The course of Stellar and Galactic Astronomy takes the students into a journey through the Universe from the smallest scale of elementary particles to the largest observable structures, the emphasis being put on stars, galaxies and cosmology. It presents the currently favored paradigm: the story of a 14 billion-years-old expanding Universe, born in the so-called Big Bang, dominated by mysterious dark energy and dark matter complemented by far less abundant but critically important ordinary matter, enabling star formation and planet formation to happen. It features the main observational discoveries that, coupled to theoretical knowledge, led to this fascinating and surprising picture. The course shows why stars and galaxies emerged from the originally hot and nearly homogeneous Universe, how they are born, how they evolve, how they die.
The course puts forward the concept of scientific theory, its predictive power, as well as its possible falsification by observational discovery. It exposes the Universe as the largest laboratory in which most extreme conditions are met. It illustrates how the astronomical observation acts as a strong driver for technology development.
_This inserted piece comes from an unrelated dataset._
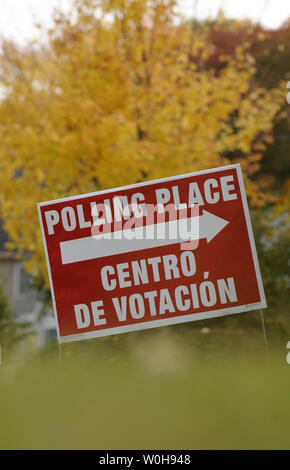 Un bi-lingue segno indica la strada per a Lacey scuola elementare per gli elettori a votare in Annandale, Virginia, 5 novembre 2013. Democratico candidato gubernatorial Terry McAuliffe è in esecuzione nei confronti degli ex Virginia Attorney General il repubblicano Ken Cuccinelli e molti altri a livello statale degli uffici sono in palio il giorno delle elezioni. UPI/Mike Theiler Foto Stock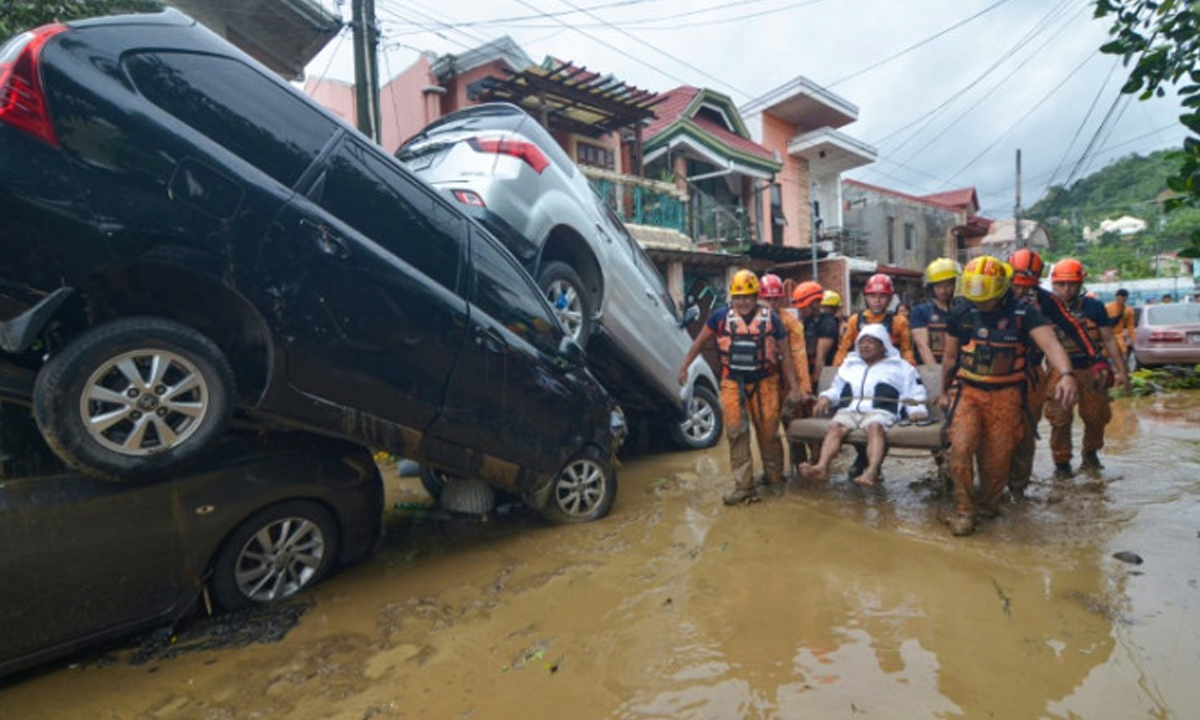 ফিলিপাইনে ঘূর্ণিঝড় কালমায়েগির তাণ্ডবে শতাধিক মৃত্যু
But it also attempts to present astronomy, astrophysics and cosmology not only as pure sciences but also as part of the human culture with strong influence on philosophy and psychology, demonstrating what connects stars and galaxies to emergence of planets, life and our existence, what sets our place and time. The course also aims at displaying the images of the Universe as a deep, and largely unexploited, source for artistic inspiration.
The course is intended for non-science majors and doesn’t involve any use of math. It makes extensive use of astronomy images and animations. It reserves ample time for discussions.